• [Record extracts]
──────
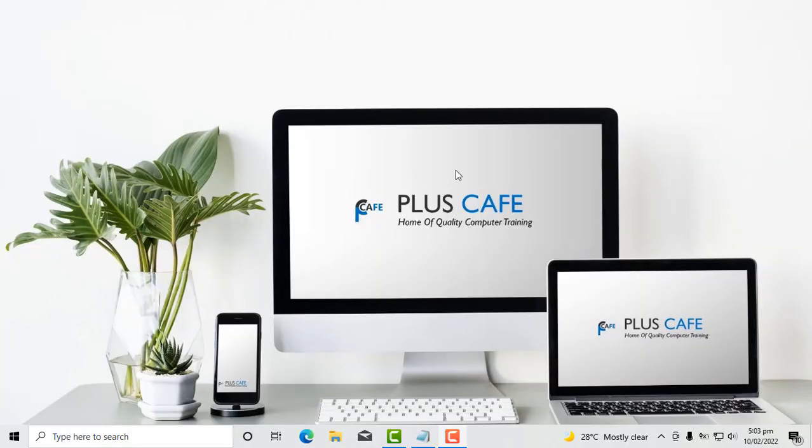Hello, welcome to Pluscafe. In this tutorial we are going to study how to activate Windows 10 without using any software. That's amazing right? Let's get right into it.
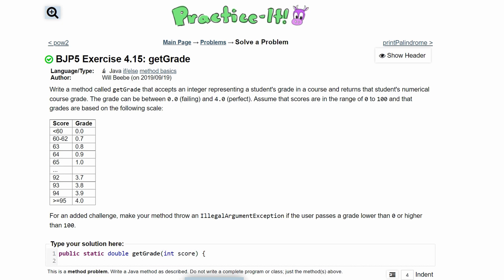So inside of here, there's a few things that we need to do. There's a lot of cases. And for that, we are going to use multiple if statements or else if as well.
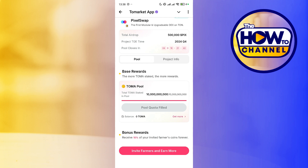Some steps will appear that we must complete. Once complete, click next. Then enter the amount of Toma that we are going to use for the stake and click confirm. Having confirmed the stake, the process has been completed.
──────
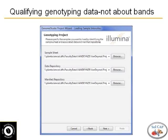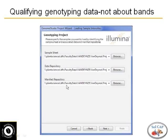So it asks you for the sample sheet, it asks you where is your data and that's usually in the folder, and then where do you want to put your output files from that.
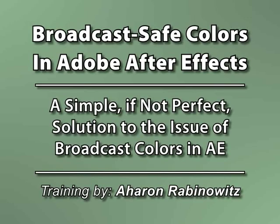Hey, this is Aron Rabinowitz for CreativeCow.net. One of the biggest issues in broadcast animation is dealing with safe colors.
──────
• [Task statement] Working from the entries above, please transcribe only the lines from the line with "Hello, welcome to" through the line with "Some steps will", exactly, with both end lines and without pictures.

• [Output of the task]
Hello, welcome to Pluscafe. In this tutorial we are going to study how to activate Windows 10 without using any software. That's amazing right? Let's get right into it.
So inside of here, there's a few things that we need to do. There's a lot of cases. And for that, we are going to use multiple if statements or else if as well.
Some steps will appear that we must complete. Once complete, click next. Then enter the amount of Toma that we are going to use for the stake and click confirm. Having confirmed the stake, the process has been completed.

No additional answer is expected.